Brian S. Kim is  the Sol wand Clara Kest Professor, Vice Chair of Research, and Site Chair of Mount Sinai West and Morningside in the Kimberly and Eric J. Waldman Department of Dermatology at Icahn School of Medicine at Mount Sinai. He is also Director of the Mark Lebwohl Center for Neuroinflammation and Sensation.

Education
Dr. Kim received his B.S. in chemistry with honors from Haverford College in 2001 and his M.D. from the University of Washington in 2007. He was a Howard Hughes Medical Institute-National Institutes of Health Research Scholar under Dr. Stephen I. Katz, and completed his residency in dermatology at the Perelman School of Medicine at the University of Pennsylvania. He completed a postdoctoral fellowship under Dr. David Artis, leading to a Master of Translational Research.

Research
Dr. Kim’s laboratory. focuses on the regulatory mechanisms that underlie skin inflammation and the sensation of itch as a model paradigm of neuroimmunology. Key discoveries include the first identification of group 2 innate lymphoid cells (ILC2s) in the skin of both mice and humans, novel contributions of basophils, ILC2s, and natural killer (NK) cells to skin inflammation, and unveiling how different innate immune cells and type 2 cytokines/JAK signaling directly influence sensory neuronal responses.

He was the first to identify IL-4 receptor signaling on sensory neurons, which critically informed new therapies like dupilumab.

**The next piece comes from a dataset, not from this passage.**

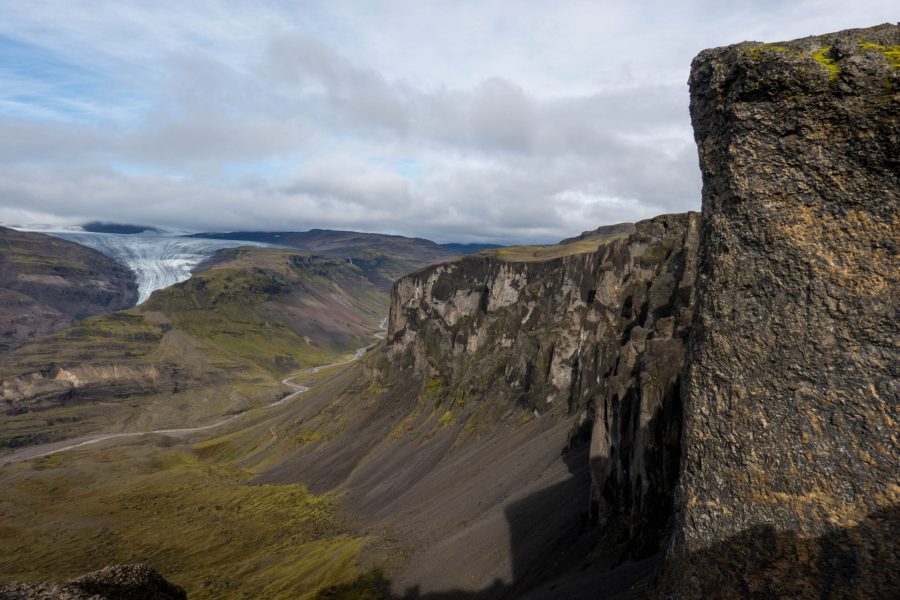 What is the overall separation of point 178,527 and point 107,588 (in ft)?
360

Dr. Kim's group also was the first lab to identify JAK1 signaling in sensory neurons, building on previous research which showed a significant reduction of itch symptoms in response to treatment with JAK inhibitors. While these previous works investigated JAK inhibition as an anti-inflammatory treatment, Dr. Kim and colleagues found that disruption of neuronal JAK1 signaling limits both inflammatory and non-inflammatory itch, suggesting that JAK inhibitors may represent a novel neuromodulatory approach to target itch in atopic dermatitis Dr. Kim also designed the pivotal phase 2 clinical trial that ultimately led to the approval of topical ruxolitinib for atopic dermatitis.

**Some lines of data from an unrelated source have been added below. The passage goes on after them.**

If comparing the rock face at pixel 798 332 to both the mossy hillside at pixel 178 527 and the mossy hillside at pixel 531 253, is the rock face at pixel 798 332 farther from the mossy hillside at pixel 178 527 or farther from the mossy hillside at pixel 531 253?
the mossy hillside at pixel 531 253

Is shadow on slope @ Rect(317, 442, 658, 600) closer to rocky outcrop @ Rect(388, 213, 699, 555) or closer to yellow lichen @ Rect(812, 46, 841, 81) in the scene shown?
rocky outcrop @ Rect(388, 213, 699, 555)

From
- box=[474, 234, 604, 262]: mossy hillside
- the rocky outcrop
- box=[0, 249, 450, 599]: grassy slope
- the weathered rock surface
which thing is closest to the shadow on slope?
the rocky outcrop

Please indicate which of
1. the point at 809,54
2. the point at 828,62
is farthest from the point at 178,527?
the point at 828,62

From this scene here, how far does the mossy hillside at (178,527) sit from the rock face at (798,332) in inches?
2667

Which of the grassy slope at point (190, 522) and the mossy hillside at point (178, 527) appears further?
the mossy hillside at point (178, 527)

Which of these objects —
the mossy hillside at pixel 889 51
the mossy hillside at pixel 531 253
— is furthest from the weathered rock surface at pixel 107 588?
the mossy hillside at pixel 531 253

His research in neuroimmune regulation of itch and atopic dermatitis has led to awards and funding from the NIH, Doris Duke Charitable Foundation, American Skin Association, American Academy of Dermatology (2014 Young Investigator Award), American Society for Clinical Investigation, American Dermatological Association, and International League of Dermatological Societies. He holds a patent for the use of JAK inhibitors for chronic itch. He is on the scientific advisory board for Abrax Japan, Granular Therapeutics, Recens Medical, National Eczema Association, and Cell Reports Medicine. He is section editor for Journal of Immunology and on the board of reviewing editors for eLife and Journal of Allergy and Clinical Immunology.

References 

Living people
Haverford College alumni
21st-century American educators
Icahn School of Medicine at Mount Sinai faculty
University of Washington School of Medicine alumni
American medical academics
American medical researchers
Year of birth missing (living people)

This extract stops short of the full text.